Francis, Saint: Founding of the Franciscan Order

Founding of the Franciscan Order

In 1209, as he was hearing Mass, the words of Jesus in the Gospel (Mat. 10.7–10) bidding his apostles to go forth on their mission struck Francis as a call. So he set out, still a layman, to preach; when a small group had gathered about him, they went to Rome to see Pope Innocent III, who gave them oral permission to live in the manner Francis had chosen. Thus began the Franciscan order of friars, an entirely new type of order in the church. They wandered about Umbria and through Italy preaching the Gospel, working to pay for their very simple needs. The expansion of the friars was very rapid. In 1212 St. Clare began to follow St. Francis, and the Poor Clares (Second Order of St. Francis), a cloistered, contempletive order was established. Francis not only sent the brothers abroad but went himself—to Dalmatia, to France, to Spain, and in 1219–20 to the Holy Land. On his way to Palestine he stopped at Damietta and preached to the sultan.
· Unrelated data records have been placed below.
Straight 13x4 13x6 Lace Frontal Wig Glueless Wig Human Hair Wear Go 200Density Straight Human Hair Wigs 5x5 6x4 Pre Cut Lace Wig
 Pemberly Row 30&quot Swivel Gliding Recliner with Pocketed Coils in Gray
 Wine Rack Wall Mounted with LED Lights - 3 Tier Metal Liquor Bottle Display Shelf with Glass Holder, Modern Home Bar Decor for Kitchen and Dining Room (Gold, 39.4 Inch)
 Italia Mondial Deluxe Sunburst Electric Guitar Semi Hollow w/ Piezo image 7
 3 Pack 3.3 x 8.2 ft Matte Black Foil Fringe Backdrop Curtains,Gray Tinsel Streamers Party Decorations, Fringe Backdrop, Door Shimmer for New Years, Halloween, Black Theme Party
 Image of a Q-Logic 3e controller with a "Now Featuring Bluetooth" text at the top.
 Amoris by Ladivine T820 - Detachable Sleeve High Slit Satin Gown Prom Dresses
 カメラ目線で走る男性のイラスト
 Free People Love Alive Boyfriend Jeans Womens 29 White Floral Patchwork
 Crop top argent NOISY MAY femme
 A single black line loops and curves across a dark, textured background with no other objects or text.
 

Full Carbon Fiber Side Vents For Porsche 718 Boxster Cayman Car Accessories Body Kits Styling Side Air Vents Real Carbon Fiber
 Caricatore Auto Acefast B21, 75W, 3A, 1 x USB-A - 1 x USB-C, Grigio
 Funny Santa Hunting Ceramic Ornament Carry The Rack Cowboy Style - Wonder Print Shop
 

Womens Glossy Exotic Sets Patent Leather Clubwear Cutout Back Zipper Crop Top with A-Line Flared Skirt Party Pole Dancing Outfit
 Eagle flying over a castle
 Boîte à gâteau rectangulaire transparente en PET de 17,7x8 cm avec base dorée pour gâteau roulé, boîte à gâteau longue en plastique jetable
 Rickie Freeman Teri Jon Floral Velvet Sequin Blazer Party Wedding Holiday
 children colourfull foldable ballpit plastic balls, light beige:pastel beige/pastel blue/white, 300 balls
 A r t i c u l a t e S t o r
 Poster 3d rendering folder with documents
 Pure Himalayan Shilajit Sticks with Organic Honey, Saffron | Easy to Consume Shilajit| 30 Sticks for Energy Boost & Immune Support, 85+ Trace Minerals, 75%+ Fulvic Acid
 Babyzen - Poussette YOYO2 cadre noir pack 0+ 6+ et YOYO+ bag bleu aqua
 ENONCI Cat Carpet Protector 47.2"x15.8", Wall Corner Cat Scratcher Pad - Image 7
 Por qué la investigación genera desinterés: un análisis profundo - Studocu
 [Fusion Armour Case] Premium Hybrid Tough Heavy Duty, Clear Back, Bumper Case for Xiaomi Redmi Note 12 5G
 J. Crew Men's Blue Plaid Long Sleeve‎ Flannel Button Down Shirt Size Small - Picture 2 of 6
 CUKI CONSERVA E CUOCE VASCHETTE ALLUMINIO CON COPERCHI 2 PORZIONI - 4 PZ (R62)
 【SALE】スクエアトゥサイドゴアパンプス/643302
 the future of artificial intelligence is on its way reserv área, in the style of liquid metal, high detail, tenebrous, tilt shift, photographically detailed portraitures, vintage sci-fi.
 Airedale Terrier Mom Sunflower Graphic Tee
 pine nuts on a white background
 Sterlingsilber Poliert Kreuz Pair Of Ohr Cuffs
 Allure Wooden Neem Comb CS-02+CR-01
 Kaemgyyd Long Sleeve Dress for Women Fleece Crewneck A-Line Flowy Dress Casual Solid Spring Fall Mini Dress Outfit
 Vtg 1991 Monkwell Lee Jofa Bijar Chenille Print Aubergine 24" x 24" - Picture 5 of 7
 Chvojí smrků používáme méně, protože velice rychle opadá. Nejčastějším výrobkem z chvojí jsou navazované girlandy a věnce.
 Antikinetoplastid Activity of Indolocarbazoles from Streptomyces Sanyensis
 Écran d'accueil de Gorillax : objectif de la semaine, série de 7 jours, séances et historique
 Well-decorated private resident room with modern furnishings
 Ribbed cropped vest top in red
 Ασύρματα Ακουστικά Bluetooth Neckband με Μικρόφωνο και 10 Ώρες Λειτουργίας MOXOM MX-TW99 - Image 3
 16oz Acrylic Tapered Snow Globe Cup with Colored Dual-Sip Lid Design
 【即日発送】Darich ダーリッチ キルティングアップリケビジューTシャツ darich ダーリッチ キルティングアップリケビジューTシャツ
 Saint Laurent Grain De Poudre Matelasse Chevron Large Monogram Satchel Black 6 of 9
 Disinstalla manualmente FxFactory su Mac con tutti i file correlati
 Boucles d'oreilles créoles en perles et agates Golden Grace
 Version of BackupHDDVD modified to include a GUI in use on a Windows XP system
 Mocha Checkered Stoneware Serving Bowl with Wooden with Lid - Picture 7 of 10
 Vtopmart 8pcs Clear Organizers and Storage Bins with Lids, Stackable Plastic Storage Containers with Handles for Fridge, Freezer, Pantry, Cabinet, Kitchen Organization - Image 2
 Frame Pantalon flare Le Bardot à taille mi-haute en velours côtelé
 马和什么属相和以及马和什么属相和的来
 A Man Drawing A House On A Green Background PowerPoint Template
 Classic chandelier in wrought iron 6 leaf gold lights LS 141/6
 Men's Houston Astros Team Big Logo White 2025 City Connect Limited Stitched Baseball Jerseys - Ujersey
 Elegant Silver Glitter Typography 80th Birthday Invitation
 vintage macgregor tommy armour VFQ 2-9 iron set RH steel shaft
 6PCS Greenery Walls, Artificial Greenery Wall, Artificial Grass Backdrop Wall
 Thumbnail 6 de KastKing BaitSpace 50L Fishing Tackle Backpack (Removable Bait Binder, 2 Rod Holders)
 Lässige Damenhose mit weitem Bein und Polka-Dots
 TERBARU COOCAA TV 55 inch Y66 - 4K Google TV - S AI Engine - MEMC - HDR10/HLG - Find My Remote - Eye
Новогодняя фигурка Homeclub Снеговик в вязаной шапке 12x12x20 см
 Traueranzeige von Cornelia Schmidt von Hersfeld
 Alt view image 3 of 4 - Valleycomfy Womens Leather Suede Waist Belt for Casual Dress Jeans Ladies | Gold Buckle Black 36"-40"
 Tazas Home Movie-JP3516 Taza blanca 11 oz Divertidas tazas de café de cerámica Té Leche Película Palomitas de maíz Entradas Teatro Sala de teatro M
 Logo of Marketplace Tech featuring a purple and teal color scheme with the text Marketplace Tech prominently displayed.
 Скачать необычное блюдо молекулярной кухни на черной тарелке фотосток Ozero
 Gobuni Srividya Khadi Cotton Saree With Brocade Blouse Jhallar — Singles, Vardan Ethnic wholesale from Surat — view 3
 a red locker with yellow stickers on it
A growing dissension in his order recalled him from Palestine, and after his return (1221) a great assembly was held at the small chapel of the Porziuncola near Assisi, with which Francis's career was closely identified. There the saint gave up active leadership of the order, for he felt it had become too unwieldy to command. He continued his preaching and the composition of his rule and sponsored the Franciscan tertiaries (Third Order of St. Francis).